EXERCISE OBJECTIVE:
Your task is to set down the line containing "Fiat 500e 95CH ACTION PLUS" and every later line of the entries, word for word, including the last.

SUPPLIED DATA Start Marker

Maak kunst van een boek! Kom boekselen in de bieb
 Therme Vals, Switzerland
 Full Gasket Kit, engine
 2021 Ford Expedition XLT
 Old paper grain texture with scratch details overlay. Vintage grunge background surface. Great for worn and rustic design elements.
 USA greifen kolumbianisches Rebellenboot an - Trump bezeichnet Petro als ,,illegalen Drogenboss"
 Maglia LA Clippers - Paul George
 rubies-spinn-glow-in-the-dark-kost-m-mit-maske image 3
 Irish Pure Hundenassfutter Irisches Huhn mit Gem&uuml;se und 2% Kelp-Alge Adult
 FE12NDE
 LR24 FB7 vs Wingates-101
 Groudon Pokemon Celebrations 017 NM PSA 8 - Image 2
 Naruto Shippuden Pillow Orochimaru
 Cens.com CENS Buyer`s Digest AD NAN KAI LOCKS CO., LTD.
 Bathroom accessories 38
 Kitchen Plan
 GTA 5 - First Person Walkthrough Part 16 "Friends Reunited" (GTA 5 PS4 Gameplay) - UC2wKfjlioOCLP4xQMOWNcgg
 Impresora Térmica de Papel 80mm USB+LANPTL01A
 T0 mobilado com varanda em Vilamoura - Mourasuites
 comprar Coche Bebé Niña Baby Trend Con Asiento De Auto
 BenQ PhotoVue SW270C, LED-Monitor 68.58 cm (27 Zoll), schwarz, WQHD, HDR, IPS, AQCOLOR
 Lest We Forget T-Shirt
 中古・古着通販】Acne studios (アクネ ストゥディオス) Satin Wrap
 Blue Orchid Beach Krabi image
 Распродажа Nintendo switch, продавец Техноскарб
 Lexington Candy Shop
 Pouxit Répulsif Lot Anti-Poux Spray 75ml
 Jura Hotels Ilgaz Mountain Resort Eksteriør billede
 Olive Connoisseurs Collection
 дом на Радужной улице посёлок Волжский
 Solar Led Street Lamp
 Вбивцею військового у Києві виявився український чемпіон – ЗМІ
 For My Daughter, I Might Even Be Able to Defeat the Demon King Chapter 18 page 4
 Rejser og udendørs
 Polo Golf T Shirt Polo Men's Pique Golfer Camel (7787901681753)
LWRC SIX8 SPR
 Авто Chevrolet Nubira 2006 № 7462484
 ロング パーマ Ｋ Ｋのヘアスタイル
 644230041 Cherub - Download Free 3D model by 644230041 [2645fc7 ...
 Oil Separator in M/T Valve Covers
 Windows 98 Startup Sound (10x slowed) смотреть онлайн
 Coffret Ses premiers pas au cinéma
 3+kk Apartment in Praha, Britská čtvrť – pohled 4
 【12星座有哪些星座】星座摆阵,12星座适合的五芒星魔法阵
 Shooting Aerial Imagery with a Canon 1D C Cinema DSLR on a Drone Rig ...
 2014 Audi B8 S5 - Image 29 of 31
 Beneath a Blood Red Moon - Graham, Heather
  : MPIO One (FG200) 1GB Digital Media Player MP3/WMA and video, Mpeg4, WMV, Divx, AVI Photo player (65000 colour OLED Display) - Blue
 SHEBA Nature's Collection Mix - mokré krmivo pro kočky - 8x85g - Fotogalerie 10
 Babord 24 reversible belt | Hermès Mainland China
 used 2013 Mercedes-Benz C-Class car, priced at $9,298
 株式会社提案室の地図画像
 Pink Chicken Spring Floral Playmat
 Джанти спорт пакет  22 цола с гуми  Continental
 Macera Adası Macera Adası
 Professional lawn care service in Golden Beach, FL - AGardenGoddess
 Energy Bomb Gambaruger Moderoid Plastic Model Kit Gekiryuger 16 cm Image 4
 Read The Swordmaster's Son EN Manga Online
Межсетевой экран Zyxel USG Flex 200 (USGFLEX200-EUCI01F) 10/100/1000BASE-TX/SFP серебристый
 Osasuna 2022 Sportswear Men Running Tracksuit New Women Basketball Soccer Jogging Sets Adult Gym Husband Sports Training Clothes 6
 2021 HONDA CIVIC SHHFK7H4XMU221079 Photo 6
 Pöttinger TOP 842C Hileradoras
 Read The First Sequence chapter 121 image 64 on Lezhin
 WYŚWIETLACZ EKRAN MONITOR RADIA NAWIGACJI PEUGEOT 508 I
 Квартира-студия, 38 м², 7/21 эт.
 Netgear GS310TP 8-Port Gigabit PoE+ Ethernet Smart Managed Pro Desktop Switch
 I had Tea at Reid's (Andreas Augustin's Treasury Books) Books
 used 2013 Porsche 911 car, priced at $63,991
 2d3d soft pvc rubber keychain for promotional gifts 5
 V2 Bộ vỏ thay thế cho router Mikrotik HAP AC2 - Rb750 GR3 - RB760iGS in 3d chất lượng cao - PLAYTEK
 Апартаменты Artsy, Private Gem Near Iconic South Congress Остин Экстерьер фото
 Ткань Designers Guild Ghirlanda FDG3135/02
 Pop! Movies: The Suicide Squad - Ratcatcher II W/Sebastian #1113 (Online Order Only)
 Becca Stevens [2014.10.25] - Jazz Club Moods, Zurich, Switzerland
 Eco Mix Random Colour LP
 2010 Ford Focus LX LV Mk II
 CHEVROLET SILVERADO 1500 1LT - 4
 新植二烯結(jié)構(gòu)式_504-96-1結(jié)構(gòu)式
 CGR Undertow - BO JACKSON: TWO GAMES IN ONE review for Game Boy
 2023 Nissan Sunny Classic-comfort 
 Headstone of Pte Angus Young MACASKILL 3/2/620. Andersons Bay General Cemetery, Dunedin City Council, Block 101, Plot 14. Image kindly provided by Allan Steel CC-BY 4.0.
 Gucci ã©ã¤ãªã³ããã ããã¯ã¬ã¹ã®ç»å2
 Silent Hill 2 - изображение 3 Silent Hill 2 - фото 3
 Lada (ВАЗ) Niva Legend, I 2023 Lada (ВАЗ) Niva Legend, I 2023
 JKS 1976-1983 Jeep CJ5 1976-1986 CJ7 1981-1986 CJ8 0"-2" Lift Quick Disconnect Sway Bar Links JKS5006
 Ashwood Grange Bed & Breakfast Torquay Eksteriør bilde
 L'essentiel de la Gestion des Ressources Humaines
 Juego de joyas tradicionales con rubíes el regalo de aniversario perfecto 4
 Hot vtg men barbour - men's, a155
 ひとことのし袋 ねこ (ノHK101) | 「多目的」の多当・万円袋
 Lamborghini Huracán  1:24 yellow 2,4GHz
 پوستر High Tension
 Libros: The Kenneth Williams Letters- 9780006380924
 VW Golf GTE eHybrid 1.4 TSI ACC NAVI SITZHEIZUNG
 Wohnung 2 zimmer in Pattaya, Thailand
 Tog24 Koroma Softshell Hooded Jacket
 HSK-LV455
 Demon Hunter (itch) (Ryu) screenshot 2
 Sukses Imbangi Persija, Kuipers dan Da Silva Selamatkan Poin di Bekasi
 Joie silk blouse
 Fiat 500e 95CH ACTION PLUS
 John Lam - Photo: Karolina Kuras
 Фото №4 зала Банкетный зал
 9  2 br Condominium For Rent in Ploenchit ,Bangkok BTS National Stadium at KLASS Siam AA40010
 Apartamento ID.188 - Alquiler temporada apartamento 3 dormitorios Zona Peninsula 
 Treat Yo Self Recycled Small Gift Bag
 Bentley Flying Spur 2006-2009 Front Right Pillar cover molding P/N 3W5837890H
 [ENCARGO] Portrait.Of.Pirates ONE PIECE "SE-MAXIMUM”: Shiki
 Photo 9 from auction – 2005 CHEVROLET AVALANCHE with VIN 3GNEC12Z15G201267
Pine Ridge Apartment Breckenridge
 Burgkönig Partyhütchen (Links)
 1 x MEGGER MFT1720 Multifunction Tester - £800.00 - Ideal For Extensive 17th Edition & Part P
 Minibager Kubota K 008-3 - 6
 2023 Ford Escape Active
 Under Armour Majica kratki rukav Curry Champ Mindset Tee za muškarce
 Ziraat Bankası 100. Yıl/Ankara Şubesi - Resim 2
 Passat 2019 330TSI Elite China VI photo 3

SUPPLIED DATA End Marker

SOLUTION TO THIS PROBLEM:
 Fiat 500e 95CH ACTION PLUS
 John Lam - Photo: Karolina Kuras
 Фото №4 зала Банкетный зал
 9  2 br Condominium For Rent in Ploenchit ,Bangkok BTS National Stadium at KLASS Siam AA40010
 Apartamento ID.188 - Alquiler temporada apartamento 3 dormitorios Zona Peninsula 
 Treat Yo Self Recycled Small Gift Bag
 Bentley Flying Spur 2006-2009 Front Right Pillar cover molding P/N 3W5837890H
 [ENCARGO] Portrait.Of.Pirates ONE PIECE "SE-MAXIMUM”: Shiki
 Photo 9 from auction – 2005 CHEVROLET AVALANCHE with VIN 3GNEC12Z15G201267
Pine Ridge Apartment Breckenridge
 Burgkönig Partyhütchen (Links)
 1 x MEGGER MFT1720 Multifunction Tester - £800.00 - Ideal For Extensive 17th Edition & Part P
 Minibager Kubota K 008-3 - 6
 2023 Ford Escape Active
 Under Armour Majica kratki rukav Curry Champ Mindset Tee za muškarce
 Ziraat Bankası 100. Yıl/Ankara Şubesi - Resim 2
 Passat 2019 330TSI Elite China VI photo 3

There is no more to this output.